UWO senior Micaela Burns, who rents through Star Properties, said she is not happy with the approval of the rental program because she believes the city will charge the landlords a lot of money, which in turn will be passed down to the tenants.

“If the landlords are charged additional money for the program, there is no doubt in my mind they will make us pay for these fees,” Burns said. “This program seems like a good excuse to let landlords charge students more than they already do.”

Spanek said landlords will be charged $150 per unit every five years, and that it is the landlord’s prerogative to decide whether or not to pass down the fee to their tenants.

“If they would choose to do that, breaking it down per month, it comes to about $2 a month and if there are four or five people in the house it would be about 50 cents a month per person,” Stepanek said. “So, when they say rents are going to skyrocket because of this [program fee], I just don’t think that is true.”

Burns said she will likely not participate in the inspection program because she doesn’t like the idea of inspectors invading her privacy.

“I understand their job is to only look for code violations and other problems, but I just wouldn’t want them wandering around my house regardless,” Burns said.

UWO Student Legal Services Attorney Eric Forsgren said anything that exists, even without guarantee, to increase the quality of housing for both students and community members is a good thing, even if it means giving up some privacy.

“It is a good thing even if there is some incremental on the invasion of their privacy argument is are there going to be inspectors coming in? Yes. But you have to give up a little bit of [privacy] to ensure some safety,” Forsgren said.

Stepanek said the inspection program is a voluntary program and if students feel uncomfortable letting inspectors into their homes, they do not have to.

“I would encourage students to let the inspectors in so they can do their job,” Stepanek said. “They aren’t there to bust you or anything like that, they have a checklist of things they are checking the property for, but ultimately the tenant has the right to let them in or refuse them as well.”

If a tenant refuses to have an inspection done, it will take place from the sidewalk, Stepanek said.

“The inspector will look for what they can on the exterior of the building and then the landlord will still be assessed and given the inspection fee,” Stepanek said.
Stepanek said when an inspector comes they will have a checklist of areas to look for, and if the unit has any violations the landlord will be responsible for fixing the issues in a timely matter, which is up to the discretion of the inspector.

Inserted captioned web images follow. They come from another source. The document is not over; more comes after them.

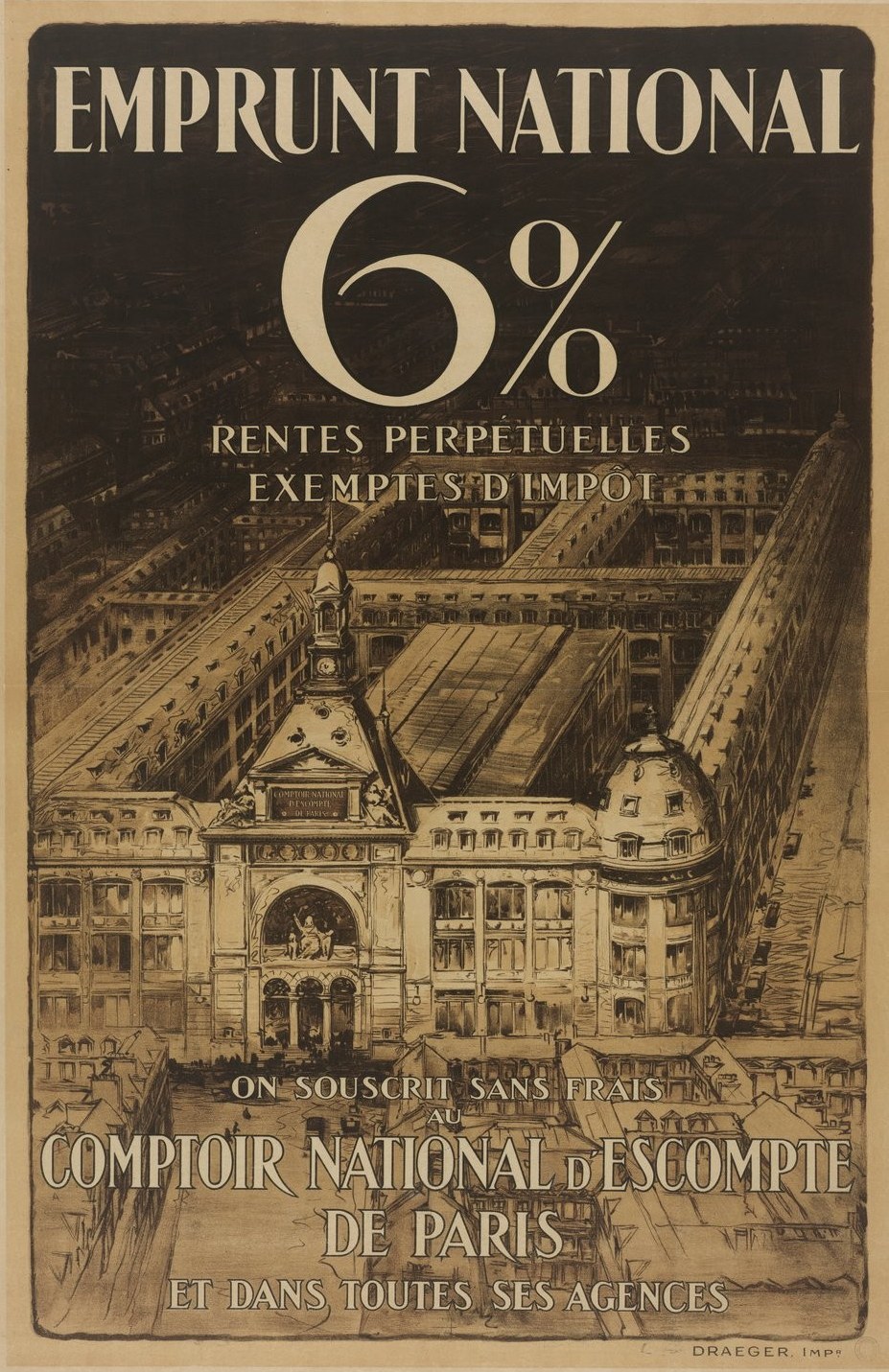 Plakat mit einem hellblauen Hintergrund, das ein großes, zweistöckiges Gebäude mit einem roten Dach und weißen Wänden zeigt und zentrierte Text in fetter schwarzer Schrift, der "emprunt national 6% - rentes perpetuelles exemptes impot" liest.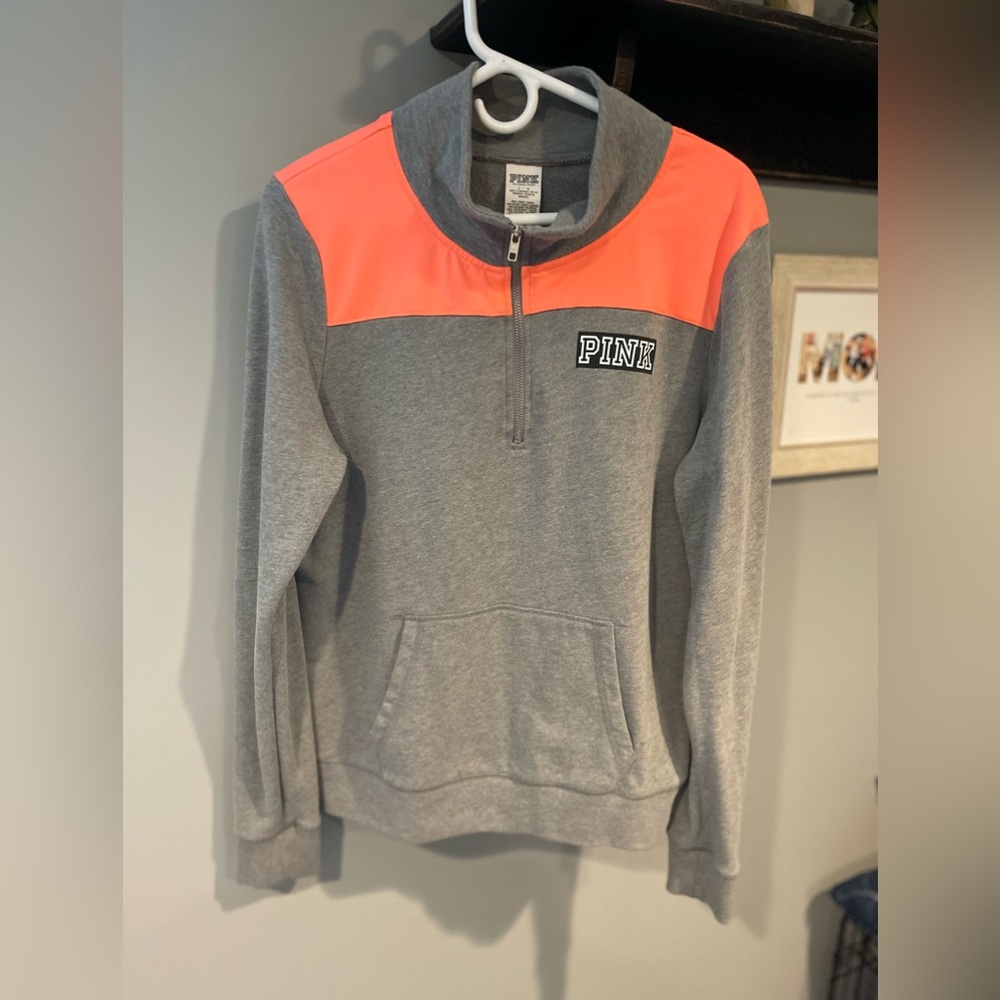 Victoria Secret Pink sweatshirt in gray and coral/orange size large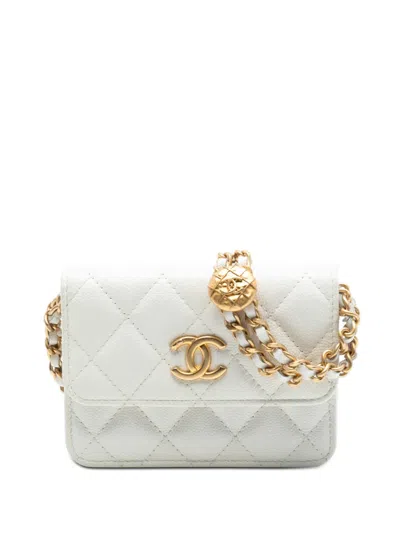 Pre-owned Chanel 2021-2025 Cc Quilted Caviar Medallion Charm Clutch With Chain Crossbody Bag In White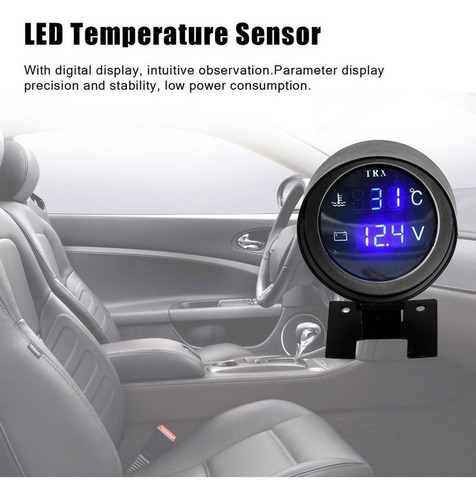 Voltímetro + Marcador De Temperatura Automotriz Universal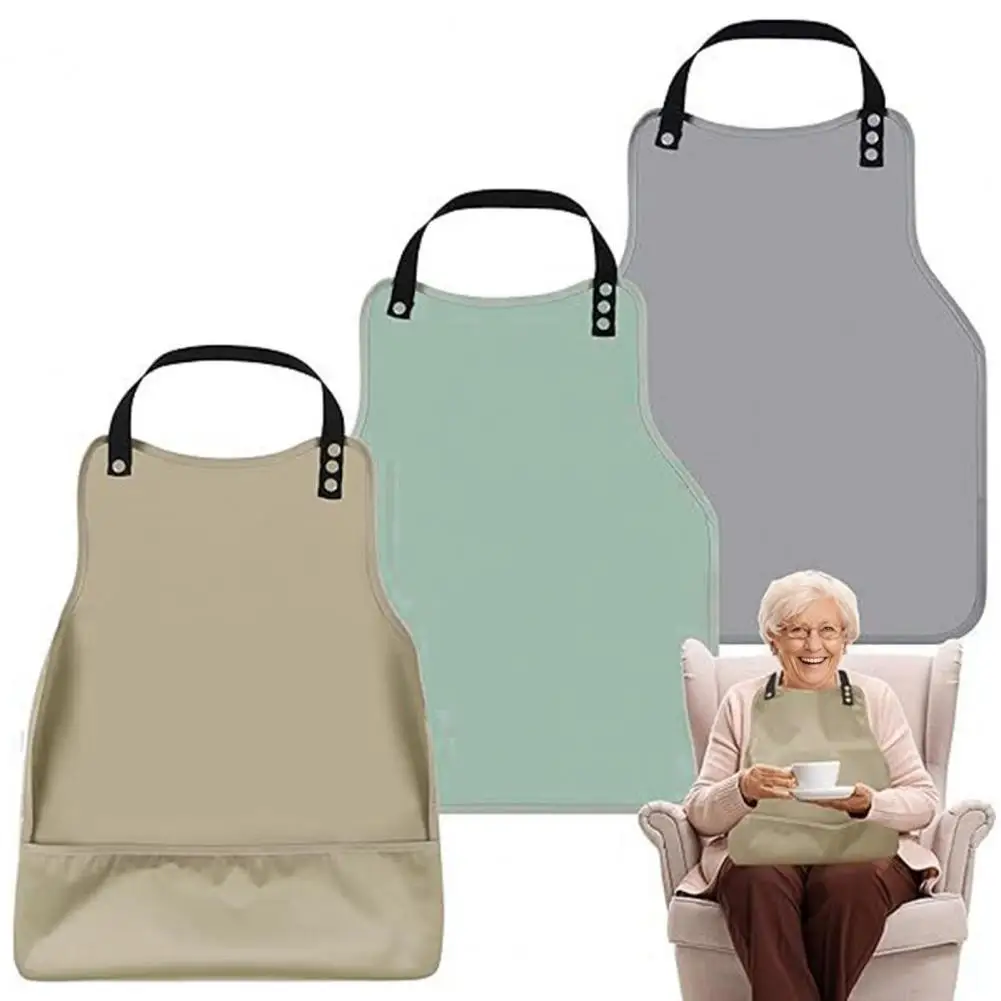 Waterproof Adult Bib Elderly Eating Bib Waterproof Senior Bib with Pocket Adjustable Reusable Eating for Elderly for Adults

“Inspectors may issue citations depending on how severe the problem is, but it is up to the individual inspector,” Stepanek said. “I think really what the program is trying to say is, ‘we noticed this was wrong and you need to get on top of it.’ It is not this massive conspiracy to start handing out citations, it is more working with the landlord to help fix the issue.”

UWO senior Jakob Frederick, who rents from Discovery Properties, said he is glad this program got approved because he believes the house he lived in last year was not up to code.

“You could tell just by looking at the outside of the house, and if you went down to the basement, our house wasn’t on the foundation straight,” Frederick said. “You could walk into the corner [of the basement] and actually see the sunlight come into the house.”

Stepanek said some of the opposition to this program is because community members and landlords are confused about the program.

“I think the heat of the debate was misconception over Fourth Amendment rights, which I don’t think applies in this situation,” Stepanek said. “I don’t think [violating the Fourth Amendment] is a concern and our policy really addresses that. Look, if you haven’t been keeping your house up to code and you haven’t been keeping the minimum safe codes your house should have, you’re probably in trouble.”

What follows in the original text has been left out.